Par Francis Richard.
Ce que nous lisons de littéraire doit nous parler d’une manière ou d’une autre, des êtres et des choses, de nous-mêmes ou des autres, sinon pourquoi lirions-nous ? D’où l’importance des mots que l’auteur emploie et de la longueur du texte qui convient à ses propos.
S’il choisit bien ses mots et qu’ils lui ressemblent, s’il sait nous faire entendre sa petite musique et se faire oublier, il a en fait gagné la partie. Car c’est dès lors à lui que nous nous intéressons, et non plus seulement à ce qu’il écrit.
Bertrand Baumann est à l’aise dans les notules et dans les petits poèmes. Les longs développements ne sont pas sa dimension. Il excelle dans l’instant bien saisi, dans le détail bien vu et dans l’émotion bien ressentie.
Ce qui distingue, selon lui, ses notules de ses poèmes, c’est que ces derniers s’adressent davantage à la sensibilité et au cœur que les premières, qui parlent plutôt à l’esprit. Après donc les notules d’Écrit dans le vent, il nous livre un recueil de ses poèmes, Avec mon destin bras-dessus, bras dessous.

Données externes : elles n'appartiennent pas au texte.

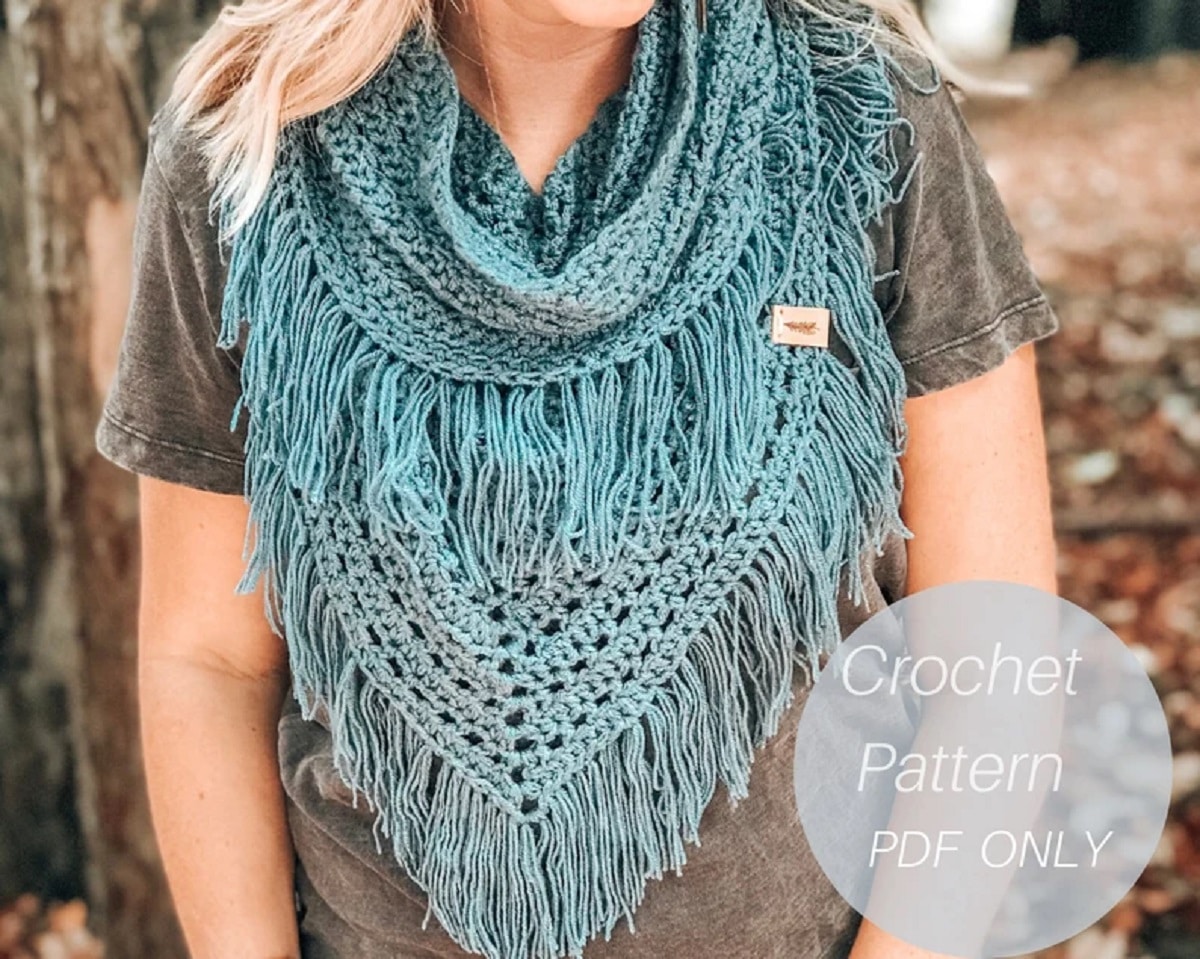 Teal crochet infinity scarf with gray and teal tassels hanging from all edges of the scarf worn by a blond woman.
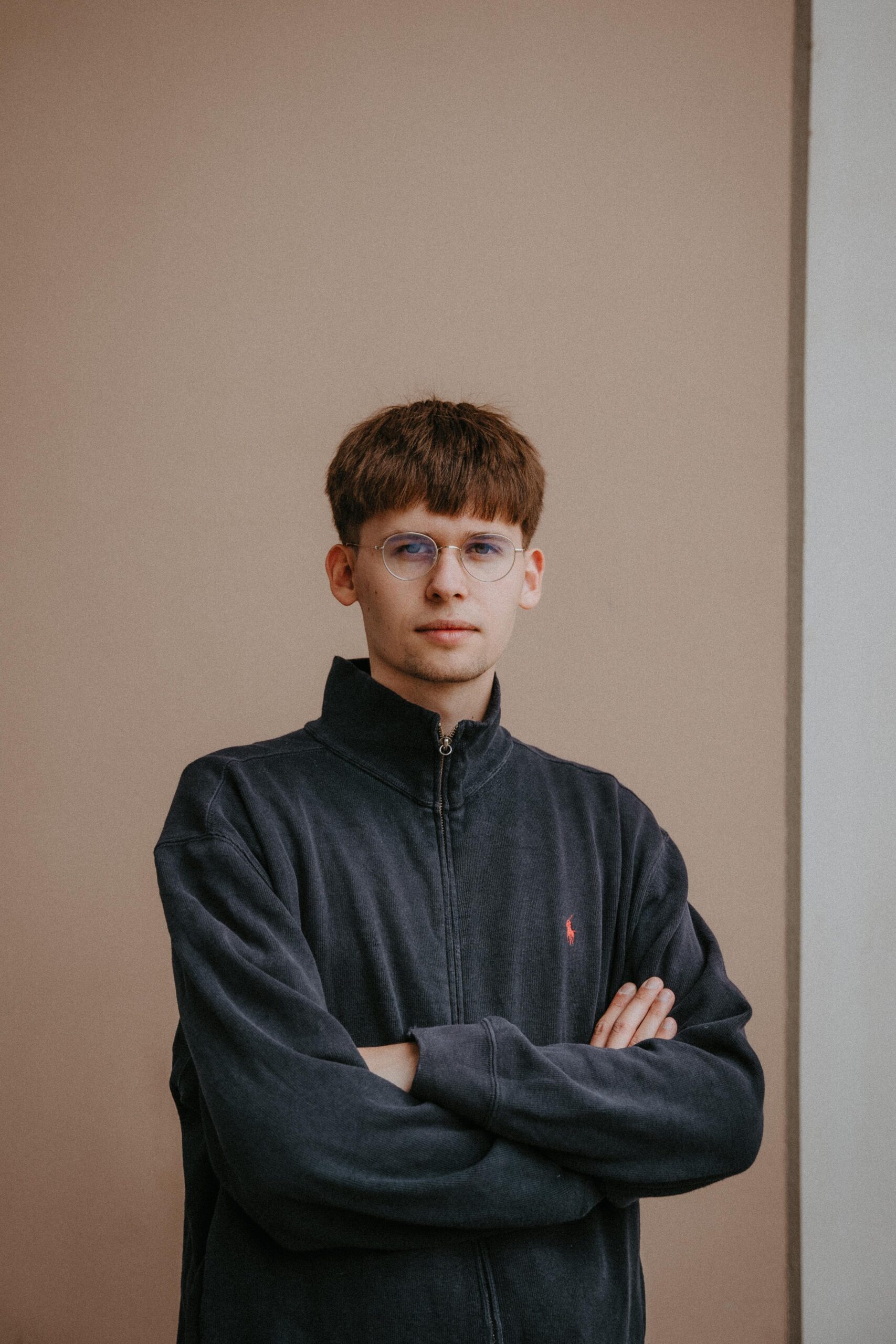 Jakob Springfeld mit verschränkten Armen vor einer Wand.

Dans un de ces poèmes il évoque tout de même ses notules difficiles à oublier :
« Le gué
Je me faufile entre les phrases ;
je me défile
dans la marelle des mots ;
vieillard agile,
de notule en notule,
je sautille.
Mais le gué,
je ne l’ai pas traversé. »
Comme il est réellement modeste, il n’ose pas vraiment appeler poèmes ses poèmes, parce qu’ils sont peu travaillés : « J’évite les rimes régulières et les rythmes contraignants, je préfère mettre en valeur les sons, les échos, les rythmes voulus par le sens. » Mais il n’évite pourtant pas toujours ces rimes régulières et ces rythmes contraignants, et ça n’empêche pas cependant la mise en valeur qu’il recherche :
« Cinq heures
Le merle mélodieux me fait signe de vivre,
il est tout dans son chant qui l’enivre et m’enivre,
il siffle pour son arbre et toute la nature
et la nature en lui tient sa note si pure. »
Mais il est vrai que, dans l’ensemble, quand il versifie, il préfère le risque de l’imperfection au sacrifice de la légèreté. C’est en quelque sorte son effet papillon. Cueillir l’instant pour une possible existence vaut mieux que de tenter s’inscrire dans une impossible durée :
« Première neige
La pluie de ce matin est blanche
et les chats, surpris,
hésitent. On dirait qu’il neige.
Les gouttes blanches ont
la fluidité de l’eau,
mais on dit qu’il neige : c’est plus beau.
Ces traits blancs, épars,
sur le papier deviendront
première neige de la saison. »
Son parti pris de légèreté se retrouve même dans des thèmes qui, a priori, ne le sont pas, légers, tels que la mort, qui obsédait Emily Dickinson :
« Quand la Camarde m’enverra un ordre de marche,
je me mettrai à marcher en rond – un moment
– puis il n’y aura plus ni marche ni rond. »
Ou tels que la vieillesse :
« Si je perds la tête,
qui sera la bête
qui m’annoncera
que je suis gaga ? »
C’est donc un vrai bonheur que de lire, de relire et relire ce recueil. A fortiori quand le poète parle de son bonheur communicatif de n’être qu’un être humain :
« La douceur de naître
au soleil du monde,
à l’amour des êtres,
au bonheur de n’être
qu’ici, maintenant,
ce petit néant
dans un tourbillon. »
- Bertrand Baumann, Avec mon destin bras-dessus, bras-dessous, L’Aire, 64 pages.